ABOUT THIS EXERCISE:
Below are records with pictures. Transcribe exactly, and only, the lines from the line with "803 Griffin Trl — Photo 37" to the line with "Resale - Villa - Las Colinas Golf Resort", both ends included, but not the pictures.

DATA UNDER STUDY:
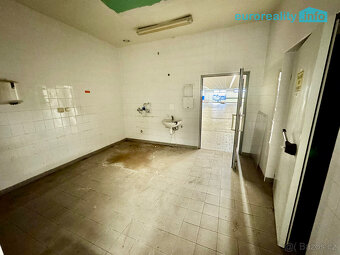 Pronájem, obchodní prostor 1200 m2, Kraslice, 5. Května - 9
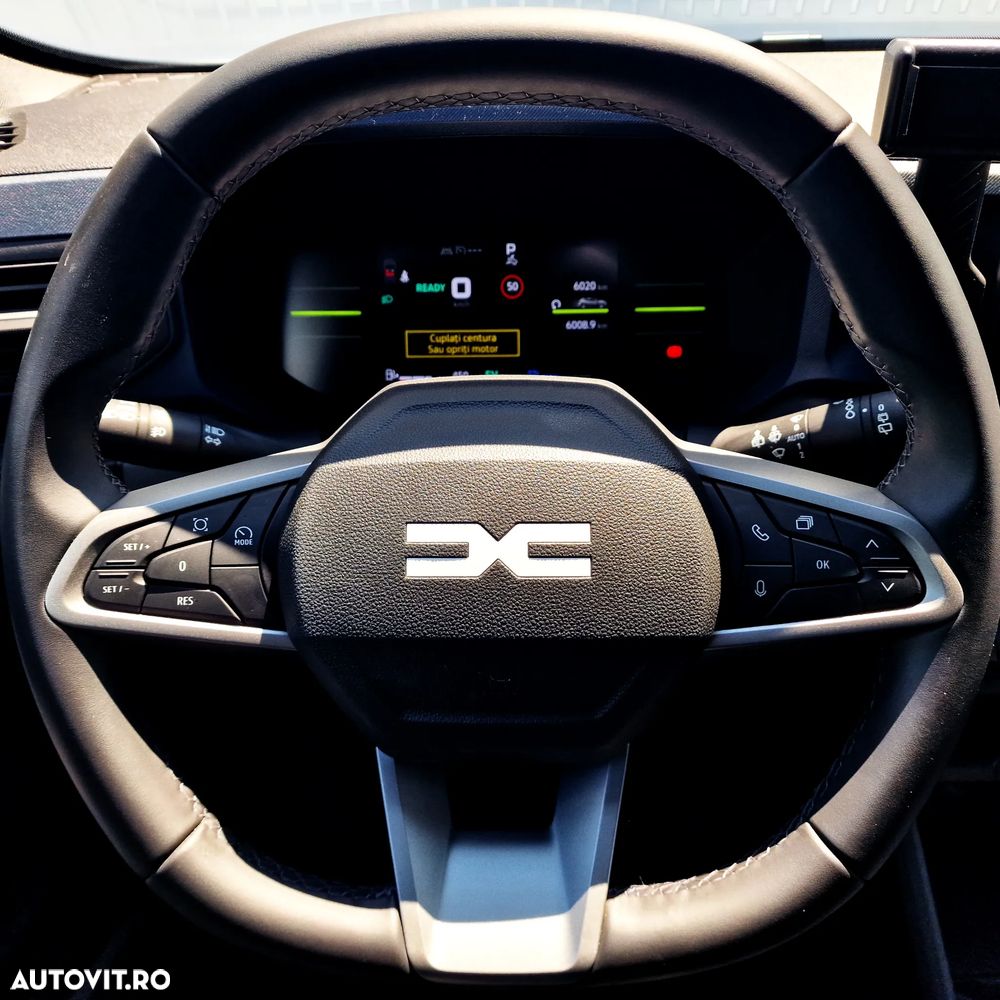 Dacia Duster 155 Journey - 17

---

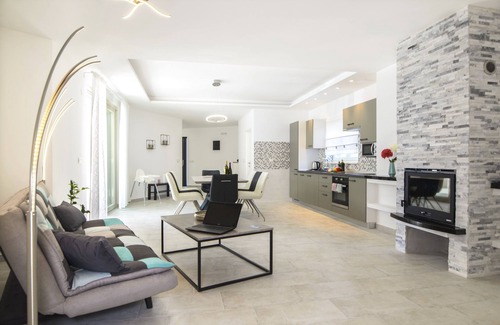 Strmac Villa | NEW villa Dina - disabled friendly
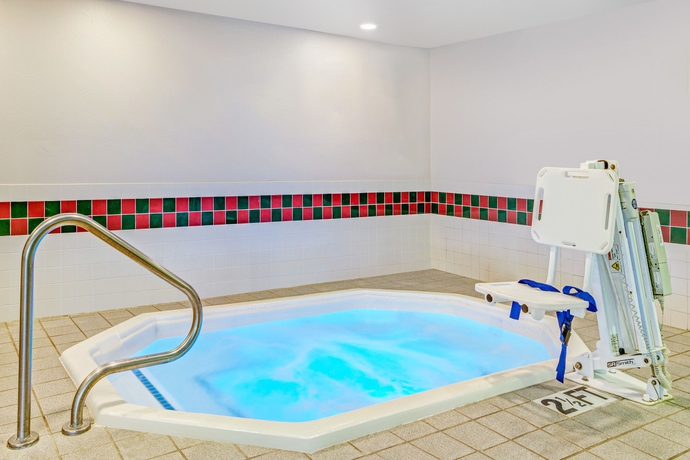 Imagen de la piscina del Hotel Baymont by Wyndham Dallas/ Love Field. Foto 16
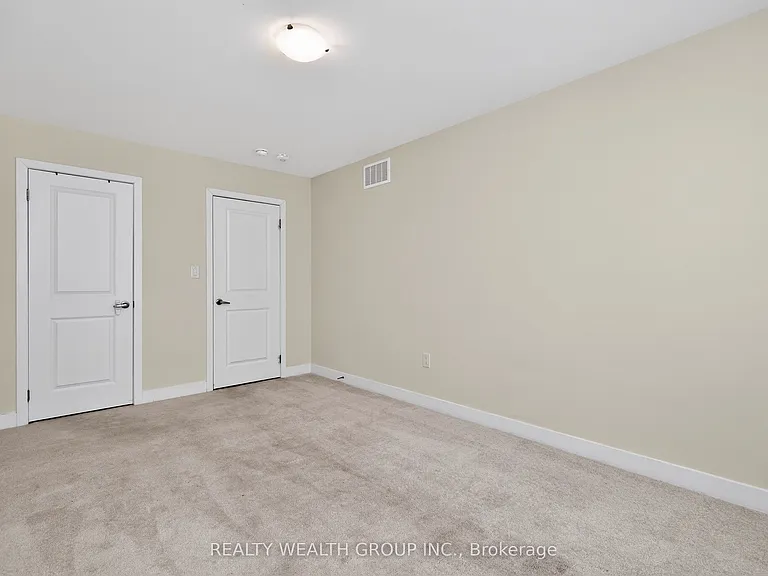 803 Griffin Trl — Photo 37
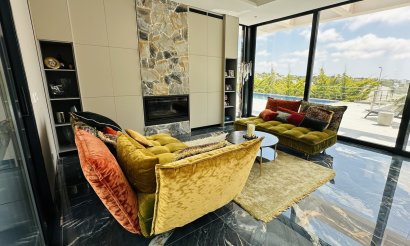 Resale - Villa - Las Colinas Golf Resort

RESULT:
 803 Griffin Trl — Photo 37
 Resale - Villa - Las Colinas Golf Resort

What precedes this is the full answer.